Dall’America anni ’70 all’Italia anni ’80: così il teatro USA arriva alla scena italiana. All'Eliseo due originali adattamenti partenopei portano in scena "American Buffalo" di Mamet e il celeberrimo "Qualcuno volò sul nido del cuculo".

Dopo la trilogia di Mamet, debutta all’Eliseo un altro epocale testo americano: “Qualcuno volò sul nido del cuculo”, diretto da Alessandro Gassmann e prodotto dalla Fondazione Teatro di Napoli. La nota storia di questo testo incrocia varie forme artistiche: l’adattamento del romanzo che Ken Kesey pubblicò nel 1962 fu oggetto di una trasposizione teatrale firmata nel 1971 da Dale Wasserman per Broadway, a sua volta base della sceneggiatura dell'omonimo film di Miloš Forman, interpretato da Jack Nicholson quattro anni dopo ed annoverato fra i migliori film della storia del cinema. Pluripremiata, la pellicola conquistò fra l’altro ben 5 Oscar e 6 Golden Globe, incluso, in entrambi i casi, il premio a Lawrence Hauben e Bo Goldman per la migliore sceneggiatura non originale.

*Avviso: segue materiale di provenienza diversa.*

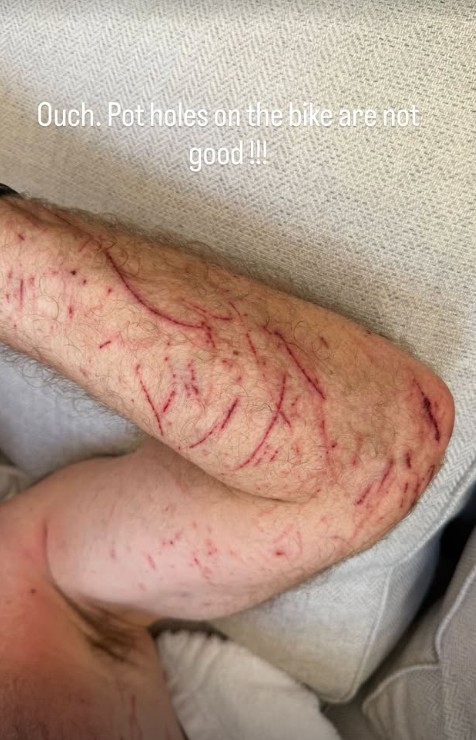 Alan Shearer arm cut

One Flew Over the Cuckoo's Nest”, ambientato in un ospedale psichiatrico dell’Oregon (che nel film diventa Salem, California), nel 1963, racconta l’anelito alla libertà di un gruppo di pazienti sottoposti a pesanti trattamenti coercitivi e, attraverso i riferimenti all’attualità del tempo, costituisce una chiara metafora della società repressiva americana. Pur connotata da una ambientazione specifica e con espressi riferimenti alla situazione politica degli Stati Uniti dell’epoca, l’opera resta secondo Gassmann una lezione d’impegno civile” e “una straordinaria metafora sul rapporto tra individuo e Potere costituito, sui meccanismi repressivi della società, sul condizionamento dell'uomo da parte di altri uomini. Un grido di denuncia che scuote le coscienze e che fa riflettere” (note di regia). Per questo oggi arriva sulla scena nostrana con un adattamento in tournèe da qualche mese, che finalmente sarà a Roma, Teatro Eliseo, fino al 29 gennaio.

Evidentemente, la apprezzabile scelta di portare in scena in Italia testi storici, nati in altri tempi e luoghi, implica non solo la necessità di tradurli, ma anche quella di trasporli per rendere i personaggi riconoscibili e dunque comprensibili, al pubblico in sala. Per la sua messa in scena Gassman sceglie dunque di utilizzare un testo inedito, adattato dall’autore napoletano Maurizio De Giovanni, già autore del fortunato adattamento di American Buffalo, presentato al Piccolo Eliseo ad inizio stagione. Abbiamo chiesto a lui di raccontarci quali siano i punti essenziali di queste operazioni.

Le grandi storie sono facili da affrontare, perché raccontano di sentimenti, passioni, elementi condivisi da tutti”, ci dice. Tuttavia il suo lavoro su “American Buffalo” e su “Qualcuno volò sul nido del cuculo” è stato piuttosto diverso: “Ho avuto più difficoltà con Mamet, perché mi trovavo davanti un testo teatrale con una struttura molto definita, dovevo muovermi su un sentiero bel delineato. Con il ‘Cuculo’ è stato più facile, mi sono basato molto sul romanzo di Kesey oltre che su una traduzione della versione di Broadway (fatta da Giovanni Lombardo Radice, ndr). La struttura era quindi molto più ampia e potevo muovermi dentro un recinto, con maggior libertà”.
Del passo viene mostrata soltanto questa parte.